The real question should be "Why are we still using ancient text messages instead of regular email?" All of my friends in Japan regularly do full-on email on their phones, and only have a vague-if-any notion of what a regular "text message" is elsewhere. 160-character limit? That is *so* 1990s.
it also happens to be precisely 2 lines of text on a good old 80 character wide terminal.
is the bastard offspring of the union of the hexdecimal and the decimal, literally 0xF*10
fixed that for you
Are you joking?
0x10*10...
For those that were wondering how they got 160 characters into 128 bytes (6.4 bits/char), they didn't. The increased the length of the frame to 140 bytes, which is is 160 characters using a 7 bits/char. Curiosity forced me to look this up, expecting to find some snazzy compacting algorithm for a non power-of-two alphabet.

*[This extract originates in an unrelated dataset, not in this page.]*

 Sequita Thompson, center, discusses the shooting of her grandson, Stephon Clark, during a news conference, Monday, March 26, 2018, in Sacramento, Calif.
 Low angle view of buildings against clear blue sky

http://en.wikipedia.org/wiki/Punched_card Punch cards predate the computer, because they were used in loom machines to generate paterns. The punch cards were later used for statistical purposes. IBM was already selling statistical machines that used the punch cards before the computer. The reason that IBM was able to grab the market instead of Univac, is because IBM's computers was compatible with the punch cards that the corporations already had.
Ol' Rick Dawson had a farm EIEIO
I wonder what type of DRM you can put on a punch card
You could print shadowed boxes that look like punched holes, that way if someone puts them on a photocopier or in a fax machine it'll look like the holes are there, but a real reader wouldn't see them.

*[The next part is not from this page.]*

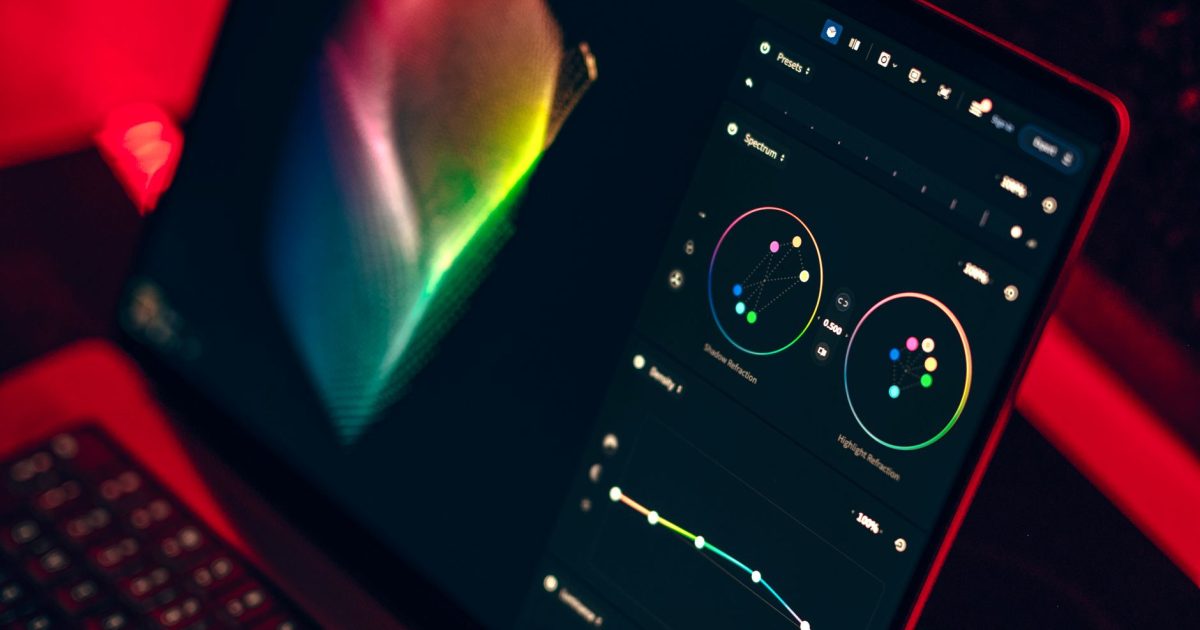 A close-up shot of a laptop displaying a color grading dashboard with vibrant colors.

You could put transparent tape over a few of the holes. The common cheap, at-home card readers which read cards optically to save a few bucks will not notice the transparent window. But the Big Iron IBM punch card readers that use real steel fingers to read the holes will simply ignore the taped-over holes.
Along the same vein, you could put red colored tape over the holes, and build the Genuine IBM readers with blue laser readers instead of red. They'll be transparent to the at-home punch-card copy machines that use cheap red lasers, but opaque to the blue frequencies.
Or you could punch some extra or oversized holes in some non-standard locations, like the old half-tracks on the floppy disks. Only official IBM punch machines would be able to accurately copy them.
I got it! Embed a smart chip in the corner of each JCL card, with some cryptographic verification or signature algorithm. As each punch card travels through the system, electrical contacts would verify the authenticity of the card. 4096-bit RSA on the chip ought to do the trick nicely.